The word out from Maynooth

The word out from Maynooth
Maynooth College reflects on facing Life’s End Perspectives on Dying and Death edited by Jeremy Corley and others, with a foreword by Archbishop Farrell €14.95 /£12.95)

This book represents, in my view, an interesting development in the teaching tradition of Maynooth, now of course a much larger and very different institution than it was back in the “traditional” 1950s.
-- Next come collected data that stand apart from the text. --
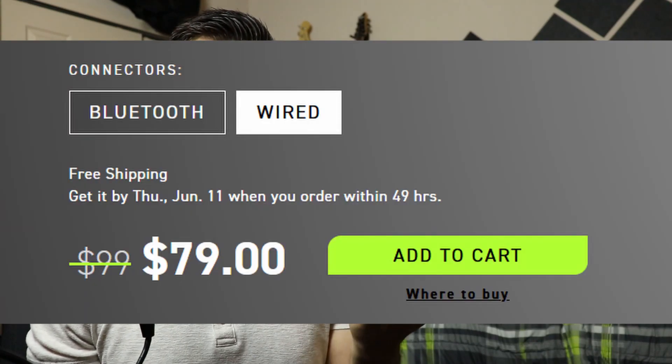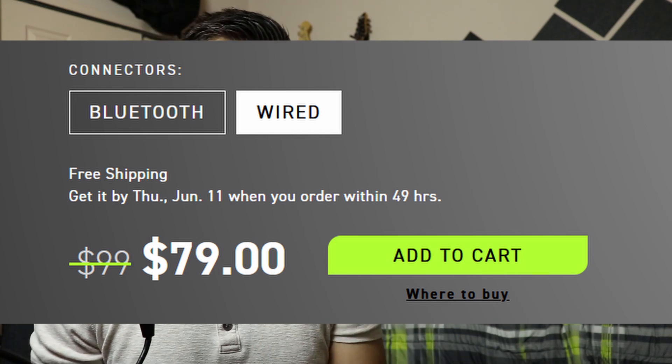The only thing that was a bummer was that Shure seems to be having some sort of sale right now for these, and I could have gotten them for about thirty dollars less. But it is what it is — Shure, if you can help me get back those thirty dollars, that would be pretty cool. I have been using Shure products for quite a long time and they're just incredible. They have great customer service. My review: 10 out of 10, easily. I really think you guys are not going to be disappointed if you decide to buy them — they're going to exceed expectations, if not at least meet them.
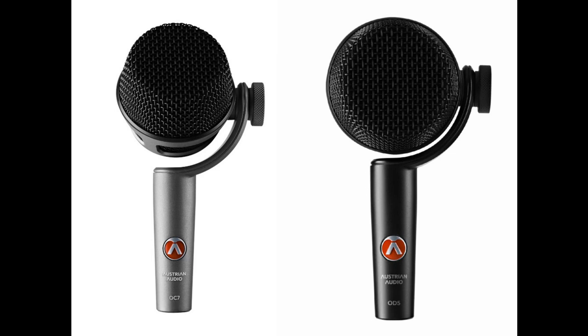Austrian Audio announces two new instrumental mics with an innovative swivel joint mechanism. Welcome to Music Gears, where we bring you the latest info on new music instruments, software, and other gear from around the world.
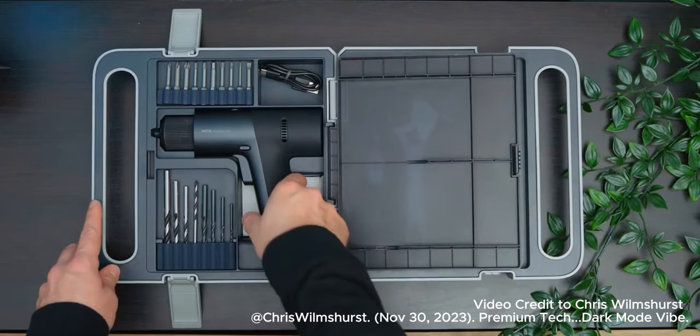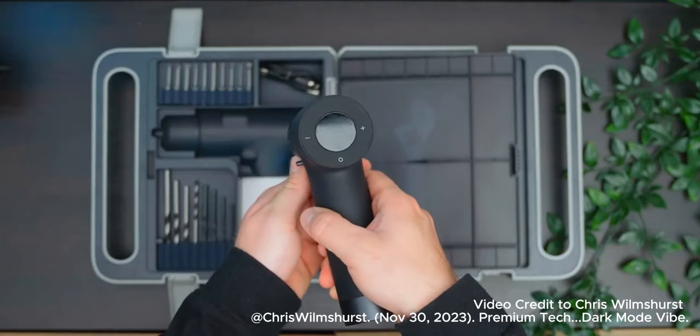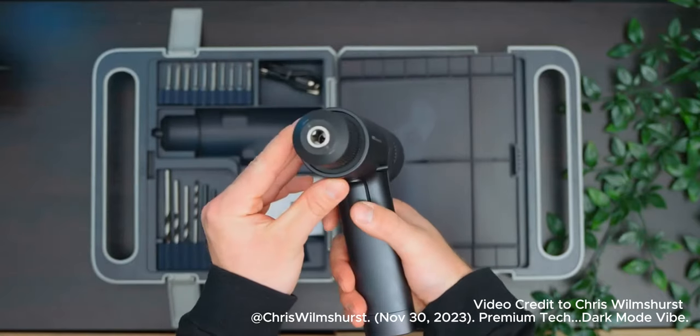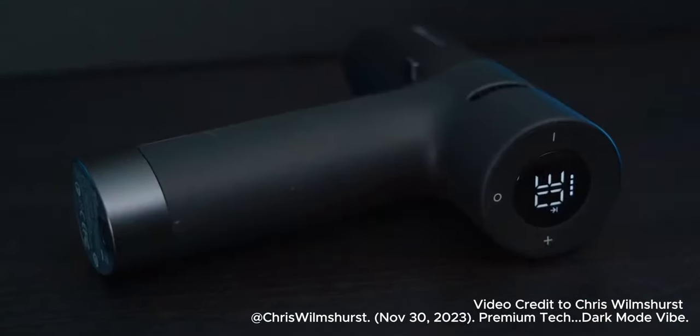The drill itself is really good looking, easy to use, and features a great LCD display with an adjustable torque setting of up to 30 newton meters, and it's all recharged using a USB-C cable. So you'll find this kit great for anything from DIY to bike maintenance.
When the college was founded originally at the end of the 18th Century by the British government it was intended to have an ameliorative effect on the difficulties arising in a new revolutionary situation across Europe. It used to be said that the first priests who came to teach in the college then espoused Jansenist ideas (or so I was told by the Jesuits who educated me, but then they may have been prejudiced against Port-Royal).

Truth

Whatever the truth about all that and its affect on the outlook of the Catholic Church in Ireland, it is undoubtedly true that for  the next century and half “Maynooth” became a convenient term to describe the collective outlook of the Catholic Church in Ireland, at least in the matters of faith and doctrine. This is less true today, though the mixed establishment of Pontifical and National College has proved a great success over the decades. But there has been a sharp decrease in the number of clerical students.

Model

However, this book provides a model of what the theological part of the college frame-work can achieve. Rather than teaching priests alone and issuing stern reproofs to the population, the contributors to this book are reaching out to the nation as a whole.

They are not all academics, but are associates so to speak of Maynooth with well-established reputations in their fields. They are keeping in mind the needs of that important group that Virginia Woolf called “the common reader”.

Death is a challenging subject, but the essays spread across not only pastoral and theological reflections but social, emotional and medical, on how funerals can be conducted in their complicated ways of faith and no faith, the loss of a child or young person and perinatal death. It moves from the purely spiritual, philosophical and theological to the essentially practical, not neglecting the “liturgy” of the Irish Wake. What will interest is some of the more intimate aspects of Irish sociology.

Reflecting on aspects of death enlarges our ideas of life. There is a time in the lives of us all when a book of this kind will be found of comfort and great purpose. It can be whole heartedly recommended and an enlarging experience to read and absorb. It is a book which should be known, and widely used by all those involved in end of life care.